As shown in fig. 1-2, the selective gripping mechanism 3 selectively grips groups of wafers 21, and the gripped groups of wafers 21 are all wafers arranged on the wafer rack 2 at intervals, i.e. gripping wafers are singular or even all wafers on the wafer rack 2. specifically, the selective gripping mechanism 3 is two gripping arms 30 parallel to each other, the two gripping arms 30 are symmetrically arranged on two sides of the wafer 21, and the axes thereof are perpendicular to the crystal plane of the wafer 21. the length of the gripping arms 30 is at least the length of the distance from the second lifting mechanism 4 to the end of the final wafer racks 2.

groups of grooves 31 are arranged on the clamping arm 30, the distance between adjacent grooves 31 is twice as long as the distance between adjacent wafers 21, and the positions of the grooves 31 on the clamping arm 30 correspond to the positions of the wafers 21 on the wafer rack 2.

As shown in fig. 3 to 4, a clamping jaw 32 is disposed between each adjacent groove 31 of the clamping arm 30, and when the clamping arm 30 rotates, the minimum distance between the corresponding clamping jaws 32 of the two clamping arms 30 is switched between the th state of being larger than the diameter of the wafer 21 and the second state of being smaller than the diameter of the wafer 21. when the clamping arm 30 rotates, the minimum distance between the corresponding grooves 31 of the two clamping arms 30 is always larger than the diameter of the wafer 21.

The second rotary lifting mechanism 4 comprises a clamping arm rotating cylinder 41 and a clamping arm lifting cylinder 42, the clamping arm rotating cylinder 41 simultaneously drives the two clamping arms 30 to rotate oppositely through a linkage mechanism, preferably a chain, and the clamping arm lifting cylinder 42 simultaneously drives the two clamping arms 30 to move up and down, as shown in fig. 1, the second rotary lifting mechanism 4 is arranged at the side of the selective clamping mechanism 3 , the clamping arm lifting cylinder 42 thereon is used for driving the selective clamping mechanism 3 to lift integrally, and the clamping arm rotating cylinder 41 is used for driving the selective clamping mechanism 3 to rotate along the central axial direction thereof.

In the present invention, the gripper arm rotating cylinder 41 drives the gripper arm 33 to rotate by 45 °.
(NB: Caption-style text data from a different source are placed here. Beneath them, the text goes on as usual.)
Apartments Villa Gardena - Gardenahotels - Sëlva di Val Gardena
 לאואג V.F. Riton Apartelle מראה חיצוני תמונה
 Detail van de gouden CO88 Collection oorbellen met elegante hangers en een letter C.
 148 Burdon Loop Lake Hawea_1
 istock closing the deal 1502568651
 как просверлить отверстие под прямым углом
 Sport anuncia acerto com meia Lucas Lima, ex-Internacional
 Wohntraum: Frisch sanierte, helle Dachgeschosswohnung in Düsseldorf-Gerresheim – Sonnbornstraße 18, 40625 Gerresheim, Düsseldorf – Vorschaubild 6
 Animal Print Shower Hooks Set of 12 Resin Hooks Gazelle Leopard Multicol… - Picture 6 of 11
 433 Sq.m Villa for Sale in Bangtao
The working process of the wafer surface changing anti-fouling device of the invention is briefly described as follows:

step 1, a wafer frame 2 is transferred to a cleaning station, all wafers 21 are sequentially placed in the wafer frame 2 at the moment, a crystal face faces , and the distance between corresponding clamping jaws 32 respectively arranged on two clamping arms 30 is larger than the diameter of the wafer 21, as shown in fig. 3;

step 2: the clamping arm lifting cylinder 42 drives the clamping jaws 32 to descend to a position below the horizontal diameter of the wafer, the clamping arm rotating cylinder 41 is started to rotate the clamping arms 30, and then the distance between the corresponding clamping jaws 32 respectively arranged on the two clamping arms 30 is adjusted to be smaller than the diameter of the wafer 21, as shown in fig. 4;

and step 3: the clamping arm lifting cylinder 42 ascends to contact the side wall of the wafer and continues to clamp the wafer at the clamping jaw 32 upwards, and the wafer at the groove 31 of the clamping arm 30 stays on the wafer rack 2 all the time;

and 4, step 4: starting the wafer frame rotating cylinder 11 to rotate the wafer frame 2 for 180 degrees;

and 5: starting the clamping arm lifting cylinder 42 to drive the clamping arm 30 to descend, and placing the wafers on the clamping jaws 31 in the wafer rack 2, wherein the wafer spacing surfaces are arranged oppositely;

step 6: the wafer frame lifting cylinder 12 drives the wafer frame 2 to descend until the wafer frame 2 is completely immersed in the cleaning solution for cleaning;

and 7, repeating the steps 2 to 5, resetting, and sequentially placing all the wafers 21 in the wafer rack 2, wherein the crystal faces are towards .

The invention has various embodiments, and all technical solutions formed by adopting equivalent transformation or equivalent transformation are within the protection scope of the invention.